Psicología Evolutiva y de la Educación y la convivencia escolar
La Psicología Evolutiva y de la Educación se centra en investigar, acumular y aplicar conocimiento para promover y optimizar el aprendizaje y el desarrollo de las personas. Entre sus principales temáticas e intereses está la “creación de un clima escolar positivo y seguro” (Escudero & León, 2011). Un recorrido por la historia de esta disciplina en Europa, realizado por León (2011), mostró cómo desde sus inicios, a finales del siglo XIX, en Francia, grandes figuras como Binet y, posteriormente, Wallon y Andrey, se centraron en la detección de las necesidades educativas especiales, la intervención y prevención del fracaso escolar. En Inglaterra, desde inicios del siglo XX, la labor de la Psicología Evolutiva y de la Educación se centró, entre otros aspectos, en intervenir problemas emocionales y conductuales de los escolares. En Finlandia, esta disciplina apareció a finales del siglo pasado y su función más importante era contribuir a la mejora del clima escolar.
Se ha propuesto tratar la Psicología Evolutiva y de la Educación como “disciplina puente” entre la psicología y la práctica educativa a través de la cual los profesionales de la Psicología buscan aplicar sus conocimientos a los contextos educativos, construyendo conocimiento científico en un entorno natural, fuera de los laboratorios. A su vez, a través de esta disciplina, docentes y pedagogos buscan aproximarse a conocimientos psicológicos que justifiquen y sustenten sus prácticas educativas (Castejón et al., 2010). En este sentido, el conocimiento generado por esta y otras áreas de la Psicología es, por un lado, básico para la identificación y descripción de las características personales, diferencias individuales y procesos subyacentes incluyendo el potencial personal para la convivencia.
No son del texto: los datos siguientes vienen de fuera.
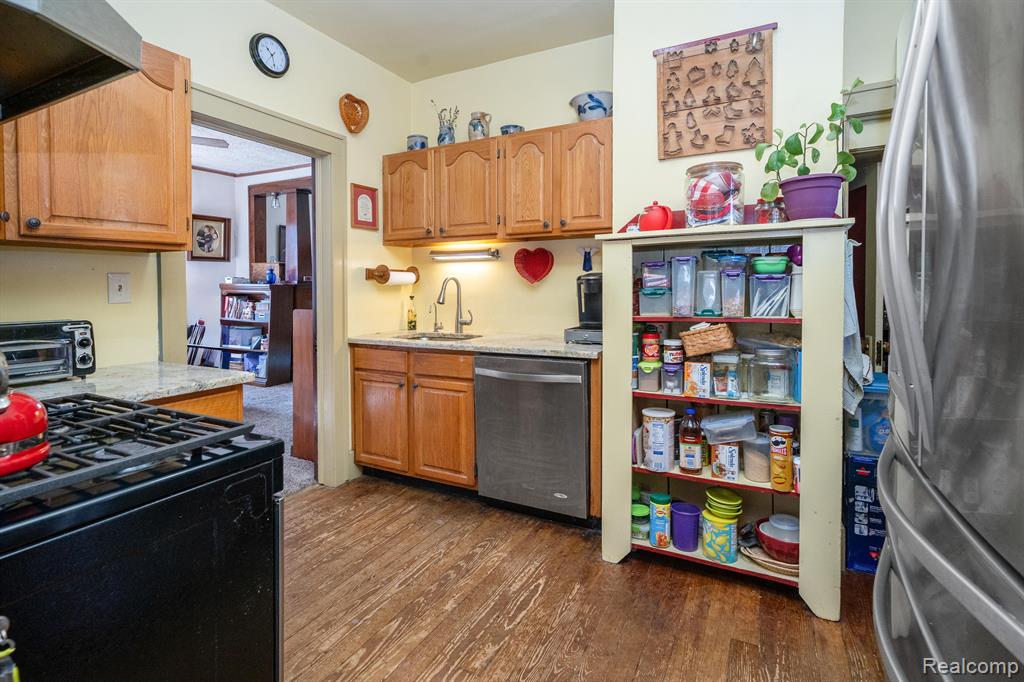 8675 Canal Road, Sterling Heights, MI 48314 — Photo 11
Por otro lado, es un conocimiento aplicado, que ha estudiado la relación de estas características con la convivencia escolar, a menudo en contextos naturales. Estos conocimientos han sido la base para muchas teorías y prácticas pedagógicas, entre ellas la educación inclusiva, comunidades de aprendizaje o aprendizaje cooperativo; las cuales, a su vez, inspiran la investigación y la práctica psicológica. En consecuencia, es pertinente abordar la convivencia escolar en el marco de la Psicología Evolutiva y de la Educación.
En resumen, el modelo de convivencia escolar presentado en este artículo propone una definición de convivencia escolar centrada en la prosocialidad, en la que interactúan diferentes elementos, tales como el potencial personal y el contexto educativo, y resalta su papel en la prevención de la conducta antisocial y en la promoción de la ciudadanía. Desde el marco de la Psicología Evolutiva y de la Educación, se ha descrito de manera sucinta el desarrollo de las competencias y habilidades que intervienen en la convivencia escolar. De esta manera, se pretende conectar la teoría con el ejercicio profesional, contribuyendo a la mejora de las políticas y de la práctica escolar, resaltando a su vez la necesidad de seguir profundizando en la investigación psicológica centrada en la convivencia escolar como respuesta a los cambios sociales y educativos.